So watching the moms walk into the school I couldn't help but wonder if there was one among them who was going to have her sanity saved. If this was going to be the beginning of a whole new network of mamas. I hope so. Because like many moms I know how an awesome gang of mamas can change your whole parenting experience. For the better.

My mamas - the best. They really are. For one thing I enjoy each and every one of them as a person. They are people I could have been friends with under any circumstance. We're a delightfully mixed bag of bags (ahem); some at home, some at work, some doing both. Professionally our backgrounds are varied. But our kids are all roughly the same ages (in some cases best buddies) and they all go to one of two neighborhood schools. Aside from actually seeing my kid at 3:30, the other highlight is seeing what mamas are going to be around and enjoying a quick chat. If the weather's good we often hit up the park and we all enjoy chatting and ignoring our kids together. Over the years we've had semi-regular wine evenings and shared a number of parties and outings. But the socializing is only part of the picture. Any mamas can chin-wag and drink wine. Here's why my mamas are really the best.

Perfect example two days ago. I was totally wiped out having been up half the night feeling sick. Molly's birthday was on the horizon (today in fact!) and I needed to bake various things for her various celebrations. And Jono was (and is still) in Texas working. It was a shitty rainy day so I thought of inviting two of Molly's buddies over (they are brothers) to play. Instead, their awesome Mama invites Molly to play AND offers to feed her lunch. Did I mention that these brothers also have a 2 year old sister? So that's going to be 4 kids under 6 in her house on a rainy afternoon. And I got to go home and make cupcakes - alone. Awesome right? Totally saved my butt and gave me a break on a day when I was feeling like absolute crap (of course by "break" I mean that I baked a million cupcakes, roasted a squash to make soup and cooked a chicken for supper).

And this is totally typical of my mamas (in fact just today another awesome mama hosted my kids at an impromptu Friday party.) We make each other dinner, look after each others kids and generally cover each others asses. I always feel like I'm receiving more ass covering than I'm giving but I know we do things for each other in ways that are not always directly reciprocal. You do for me and I end up doing for someone else. We all know that it's a karmic circle of mothering and childcare.

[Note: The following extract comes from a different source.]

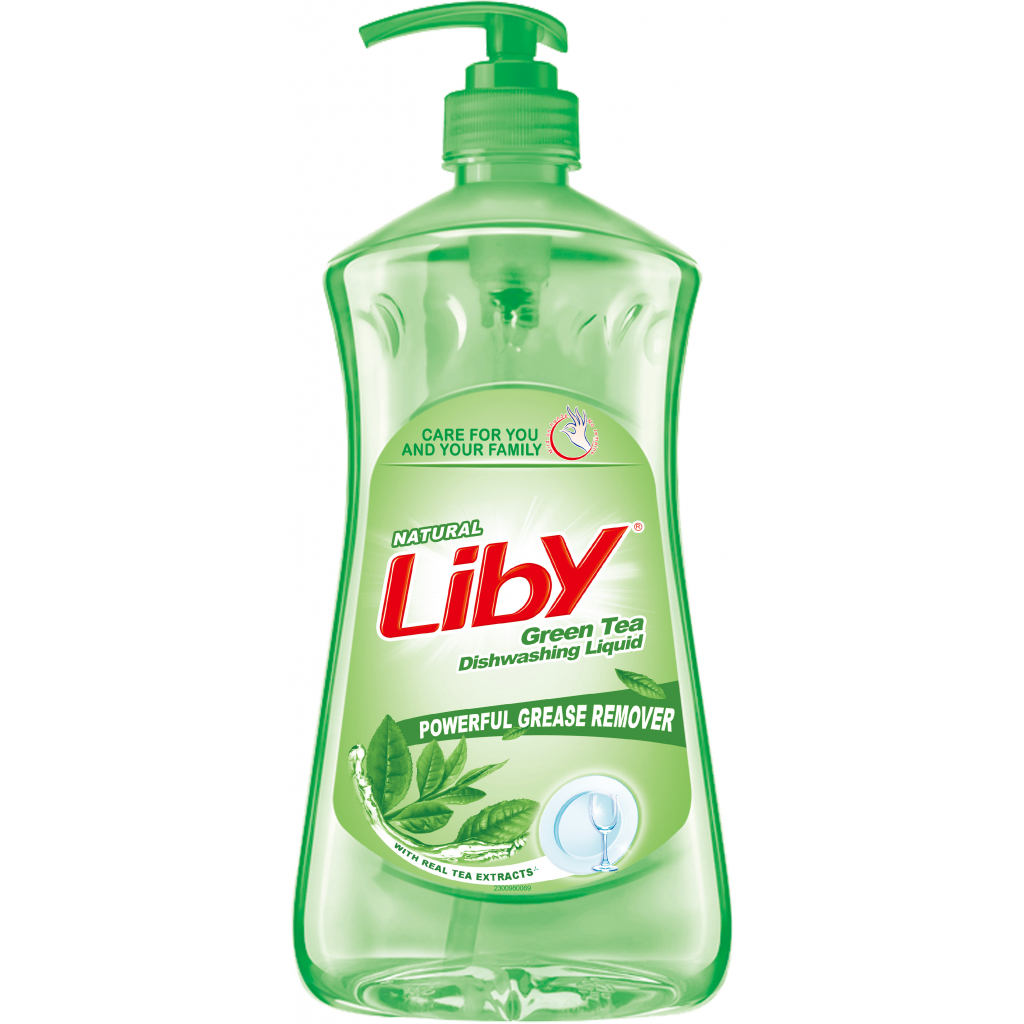 Засіб для ручного миття посуду Liby Зелений чай для миття посуду, фруктів та овочів 1.05 л (6920174700589) - зображення 1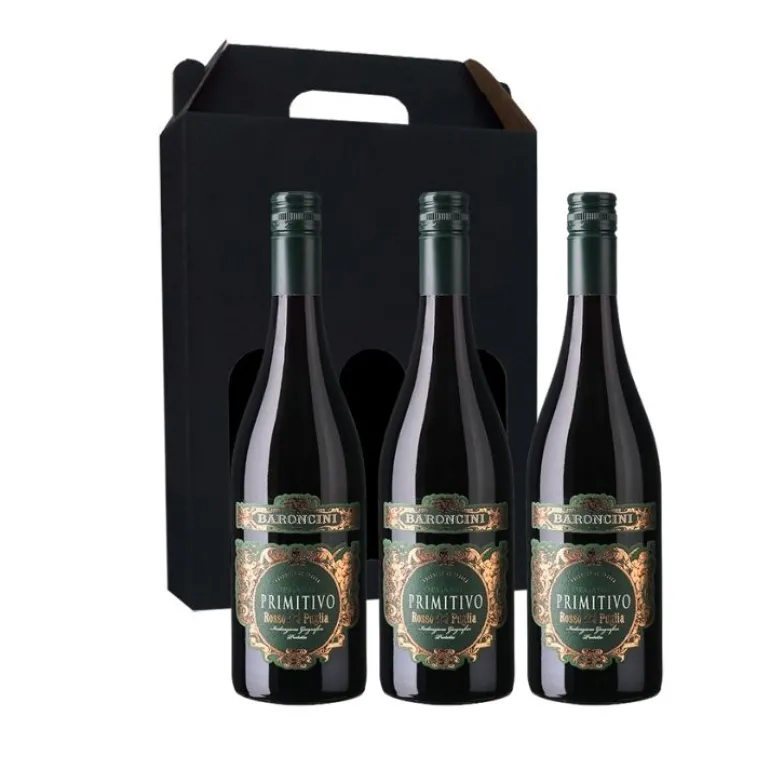 Vingave 3 fl. rødvin, Baroncini - Primitivo Puglia IGP ØKO (Italien)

So I love my mamas. Part of the reason I knew I could quit work and be happy at home with the kids was knowing that I'd have these mamas as co-workers. Parenting can be isolating especially when you stay home full time. You need other adults to interact with. You need that friendly ear and the reassuring response that tells you that someone else's kid is totally doing that weird/worrying/annoying thing too. Having another mother and her kids over for a play date and a cup of tea can turn even the most blah day into something a whole lot better. And when that mother then offers to take your kid back to her house for dinner, a movie and a sleepover, well, then you know you hit the jack-pot. I truly mean it when I say I'm rich in everything but money. I'm definitely rich in mamas**.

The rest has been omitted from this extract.